In recent years, the number of hours in which electricity prices are negative has increased significantly. In both 2024 and 2025, this posed considerable challenges for many market participants. Electricity prices below zero mean that producers sometimes have to pay to sell their electricity to the market, which is a clear signal of an oversupply of electricity. This typically occurs when renewable energy sources all generate at the same time due to weather conditions.

March 25th, 2026
Renewables investor

However, a closer look at future developments shows a more differentiated picture. While instances of negative prices have increased sharply in the past, it can be assumed that their number will decline again over the long term as more battery storage is deployed, power grids receive further investment, electrolysers are further build-out and stated subsidy support regulation try to avoid negative prices. At the same time, however, another category of price signals will increase significantly, namely hours with an electricity price of €0/MWh, known as “zero hours”.

This development does not mean that the structural problem of oversupply from renewable energies will disappear. Put simply, the way in which this oversupply is reflected in the market price is changing.

Drivers of negative electricity prices in Germany

The main driver of negative electricity prices is the increasing supply of renewable energy combined with limited demand flexibility. Particularly during periods with high wind or strong solar production, as well as low electricity demand (e.g., weekends, holidays, or economically driven scenarios).

When this happens, electricity supply can significantly exceed demand. Since electricity can only be stored to a limited extent, conventional power plants cannot always be shut down at short notice and many subsidised plants are willing to bid at negative prices (as there has so far been little economic incentive to shut down during negative prices). This oversupply leads to falling power prices and, in extreme cases, pushes them into negative prices.

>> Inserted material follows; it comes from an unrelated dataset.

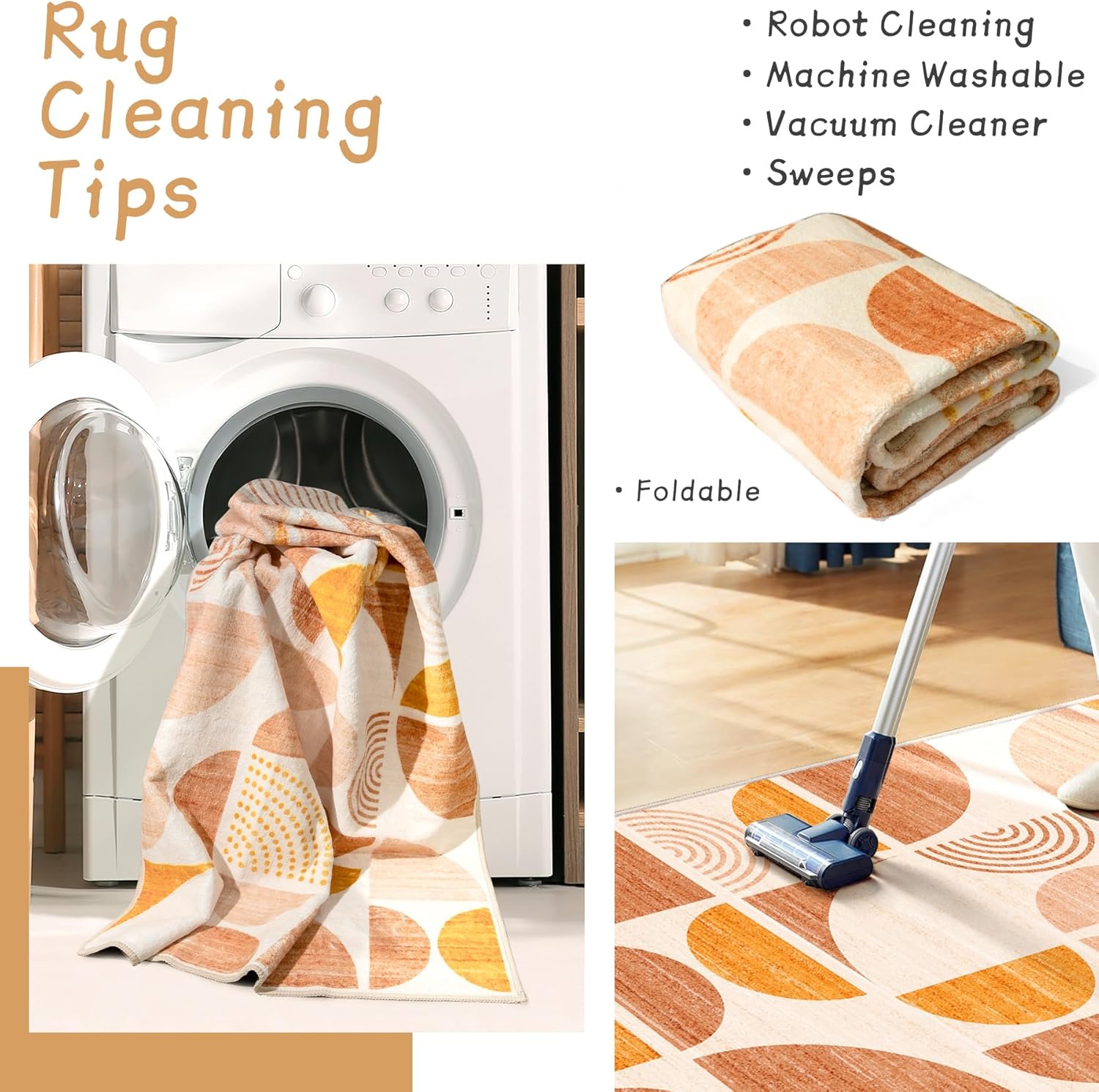 MUJOO Boho 2x3 Area Rug Washable Non Slip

With the strong expansion of wind and solar capacities, this phenomenon has intensified significantly in recent years. As early as 2020, 298 hours with negative electricity prices were observed in Germany. The reason was a “good” weather year with high renewable generation and low electricity demand due to the COVID-19 pandemic.

After the number of negative hours declined significantly during the energy price crisis, due to the very high price level at the time in 2021 and 2022, 2023 again brought a high number of negative hours. Here as well, high renewable generation and low electricity demand, this time due to Germany’s economic situation, were the decisive factors.

2024 and 2025 saw 459 and 573 hours respectively, setting new records each time. In particular, most of the negative hours were observed during the summer months in the mid-day, whenever high solar generation prevailed.

Number of negative hours in Germany on the day-ahead market
Fig.1 - Number of negative hours in Germany on the day-ahead market

Structural reasons for fewer negative prices in the future

Even though the supply of renewable energy will continue to grow, several structural developments could reduce negative prices in the future.

§ 51 EEG and the suspension of support during negative prices

Paragraph 51 of the German Renewable Energy Act (EEG) stipulates that new installations under the EEG lose their support if the exchange price is negative for several hours, or now even for one[1] hour.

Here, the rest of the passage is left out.